La crise politique lyonnaise s'aggrave : Aulas démis de ses délégations à la Métropole après une plainte pour viol
Jean-Michel Aulas, ancien président de l'Olympique Lyonnais et premier vice-président de la Métropole de Lyon, a été temporairement démis de ses délégations après qu'une plainte pour viol visant un ancien collaborateur de campagne a déclenché une crise politique.
Accusations et plainte
Une jeune militante ayant participé à la campagne municipale de Jean-Michel Aulas a déposé plainte en mai pour viol par soumission chimique contre le directeur de la communication de la campagne. Selon la plainte, l'agression présumée aurait eu lieu en janvier dans une chambre d'hôtel à Lyon. La militante a informé Aulas et plusieurs de ses proches collaborateurs des accusations en février. Aulas a déclaré qu'à partir de ce moment, il avait tenu le conseiller éloigné du quartier général de campagne mais ne l'avait pas licencié. Le conseiller, par l'intermédiaire de son avocat, « conteste fermement et avec sérénité toute accusation ». L'affaire a été rendue publique lorsque la presse a rapporté la plainte le 10 juin.
Retrait progressif du conseil municipal
Le 11 juin, Aulas a refusé de se retirer de son poste de premier vice-président de la Métropole de Lyon, malgré les appels de la nouvelle présidente LR, Véronique Sarselli. Le lendemain, il a cependant annoncé qu'il se retirait de son poste de chef de l'opposition au conseil municipal de Lyon. Un communiqué de son groupe, Cœur Lyonnais, a déclaré : « Jean-Michel Aulas, Président du groupe, et Laure Cédat, Vice-présidente, ont formulé la proposition de se mettre en retrait de la gouvernance du groupe pour préserver l'unité du collectif. » Cette décision n'a pas apaisé la situation.
Intervention de la présidente de la Métropole
Le 13 juin, Sarselli a annoncé qu'elle retirait temporairement les délégations d'Aulas et de deux autres élus du groupe Grand cœur lyonnais : Laure Cédat et Emmanuel Imberton. Elle a déclaré au Progrès qu'elle devait « garantir l'exemplarité et le fonctionnement de l'institution métropolitaine qui est plongée en plein malaise ». Sarselli a reproché aux trois élus de ne pas l'avoir informée de l'affaire pendant la campagne municipale et de ne pas avoir signalé les allégations aux autorités judiciaires, ajoutant qu'ils avaient maintenu le conseiller en poste jusqu'à la fin de la campagne.

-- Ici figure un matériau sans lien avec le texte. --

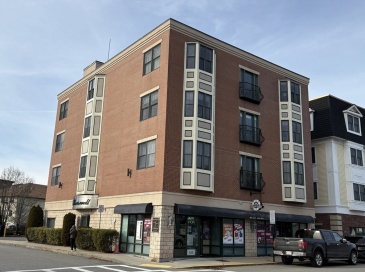 266 North Main Street, Mansfield, Massachusetts, 2 Bedrooms Bedrooms, 4 Rooms Rooms,2 BathroomsBathrooms,Residential,For Sale,North Main Street,73468239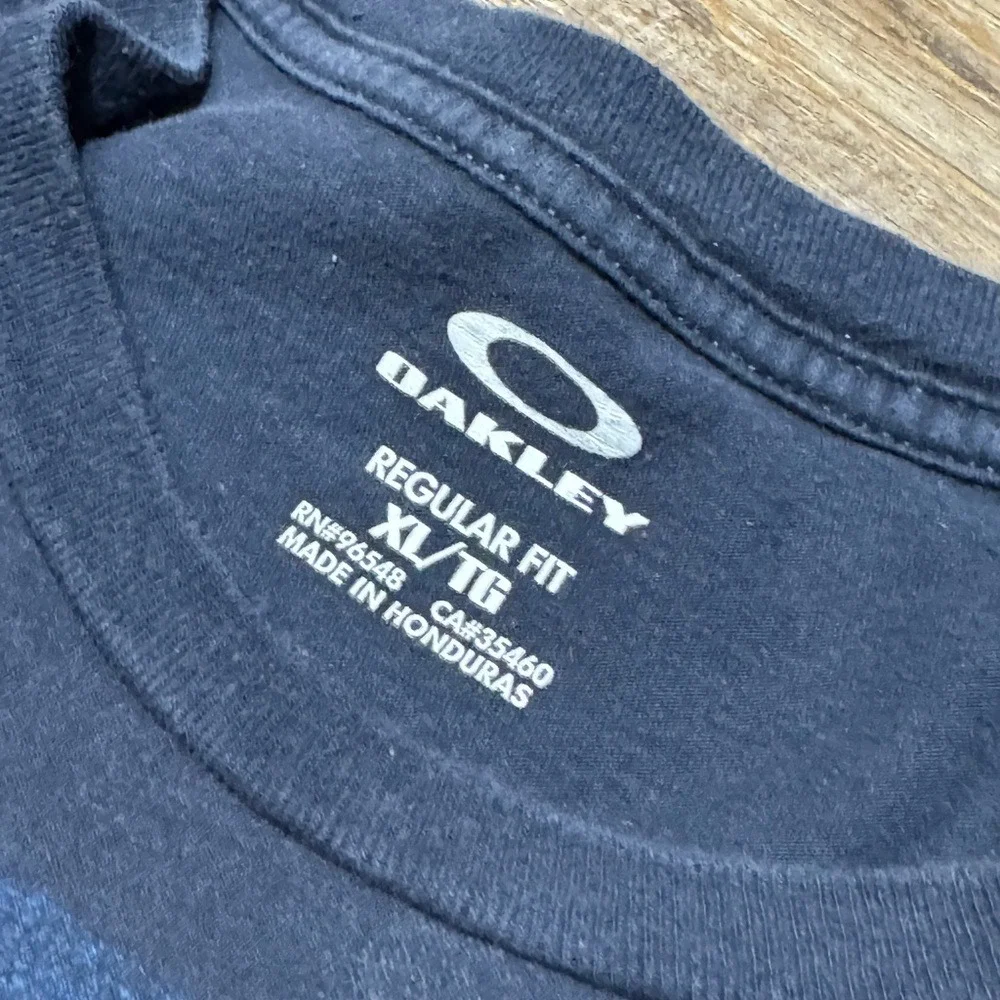 Y2K Oakley‎ T shirt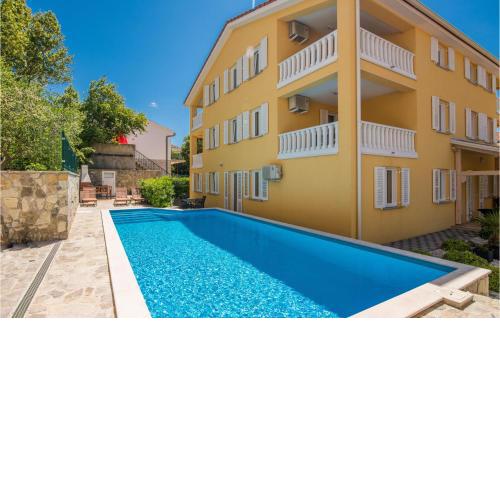 Stunning apartment in Baska with Outdoor swimming pool, WiFi and 2 Bedrooms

Fractures au sein du groupe politique
Malgré le retrait, deux conseillers ont quitté Cœur Lyonnais immédiatement après une réunion tendue le 12 juin. Pierre Oliver, le maire LR du 2e arrondissement de Lyon, a déclaré : « On ne peut plus siéger avec eux. » Trois autres conseillers (Emmanuel Hamelin, Samuel Soulier et Nina Bouffet) ont également quitté le groupe, qui rassemblait des personnalités de droite, du centre et de la société civile. Ces départs ont souligné la profondeur de la fracture interne.
Déroulement de la crise
- Viol présumé par soumission chimique dans une chambre d'hôtel à Lyon.
- La victime informe Aulas et ses proches collaborateurs des allégations.
- Dépôt de plainte formelle par la jeune militante.
- L'affaire est révélée à la presse.
- Aulas refuse de se retirer de la vice-présidence de la Métropole malgré les appels.
- Aulas se retire de son rôle d'opposition au conseil municipal ; deux conseillers quittent son groupe.
- La présidente de la Métropole retire les délégations d'Aulas et de deux autres élus.
L'enquête judiciaire est désormais en cours. Aulas reste conseiller métropolitain, Sarselli ayant reconnu que la loi ne lui permet pas de le forcer à démissionner. L'épisode a déjà remodelé les rapports de force dans le paysage politique lyonnais, affaiblissant l'alliance qui a porté Sarselli à la présidence en mars.